May and June mean school’s out and it’s almost summer! This time of year we like to read a good YA book to celebrate this liberation. Our pick this May / June was selected as the Goodreads Choice Awards winner for the Best Young Adult Fiction in 2016.
Salt to the Sea by Ruta Sepetys is set in the winter of 1945 when four teenagers flee four different homelands for safe passage on the Wilhelm Gustloff, a ship that promises refuge and freedom. And each of the four teenagers—Joana, Florian, Emilia, and Alfred—harbor their own secrets which haunt them at every step of their journey. The paths of these four converge along the way when tragedy strikes.
This book was inspired by the greatest tragedy in maritime history. It’s estimated that as many as 9,400 people died. Sepetys’ book sheds light on this great tragedy through the story of these four young men and women, each fighting for survival and freedom.Sepetys said she wanted to shed light on this event… “Every nation has hidden history, countless stories preserved only by those who experienced them. Stories of war are often read and discussed worldwide by readers whose nations stood on opposite sides during battle. History divided us, but through reading we can be united in story, study, and remembrance. Books join us together as a global reading community, but more important, a global human community striving to learn from the past.” And it appears she’s succeeded with Salt to the Sea as the praise seems unending:
“Compelling for both adult and teenage readers. Once again, Ruta Sepetys
acts as champion of the interstitial people so often ignored —
whole populations lost in the cracks of history.”

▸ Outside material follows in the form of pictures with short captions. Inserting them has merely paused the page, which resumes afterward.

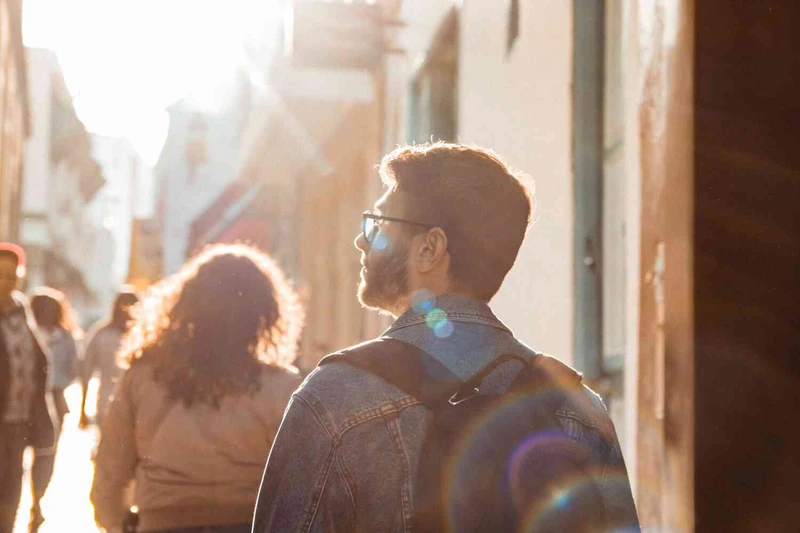 Man wandert durch die Stadt w&auml;hrend Sonne auf ihn scheint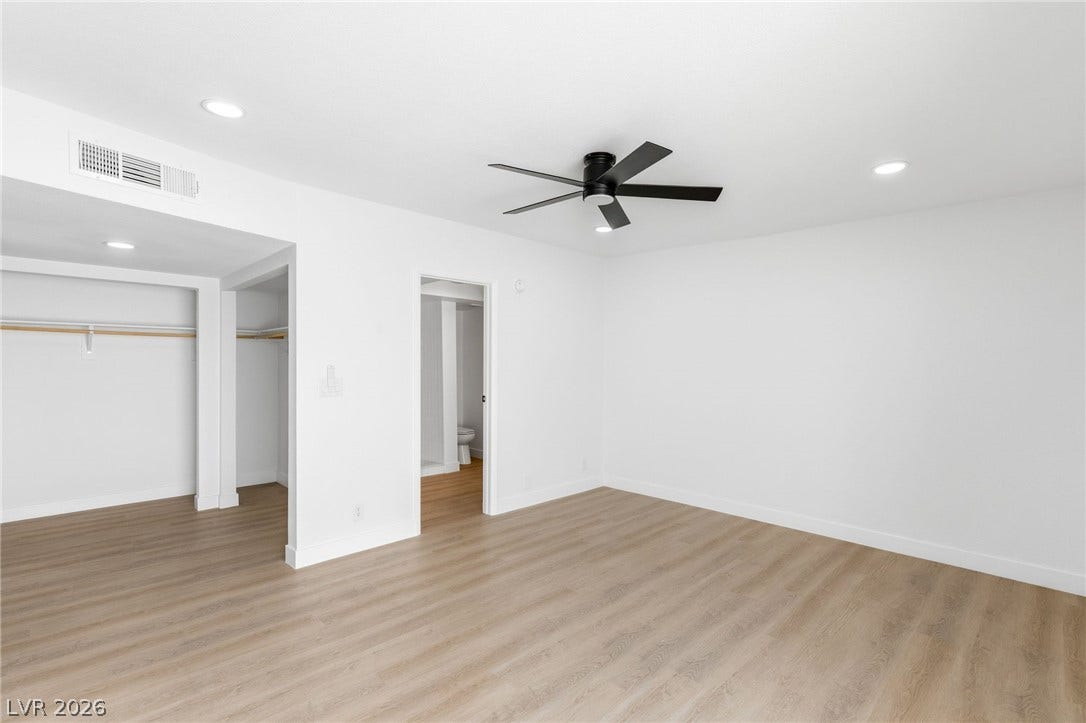 3471 One Nation Avenue, Las Vegas, NV 89121 Bright and airy, this bedroom features natural wood-look flooring and a modern ceiling fan for comfort.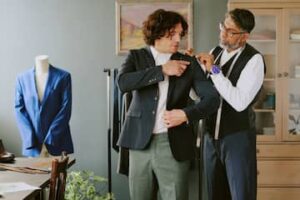 Tailor adjusting a client’s jacket during a fitting appointment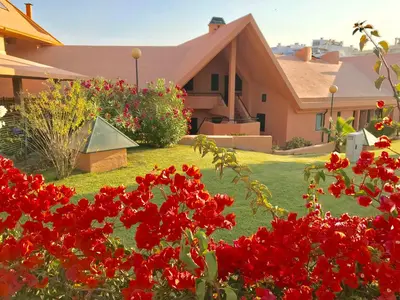 a house with red flowers in front of a yard at Marina Garden by Ethnic Ocean in Vilamoura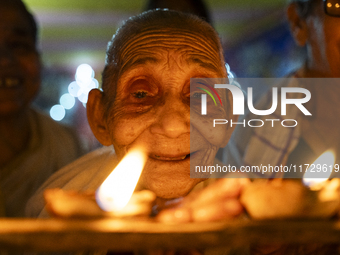 Elderly women at Pramod Talukdar Memorial Old Age Home light Diya oil lamps as they celebrate Diwali in Guwahati, India, on November 1, 2024...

– The New York Times Book Review
“A superlative novel in four voices. Masterly crafted.”
– The Wall Street Journal
“Sepetys is a master of historical fiction…she once again anchors a panoramic view of epic tragedy in perspectives that feel deeply textured and immediate.”
– Entertainment Weekly
“Ruta Sepetys’s riveting novel is a haunting reminder of an almost-forgotten disaster and the resilience of the human spirit.”
– The Washington Post
“The forgotten tragedy that was six times deadlier than the Titanic.”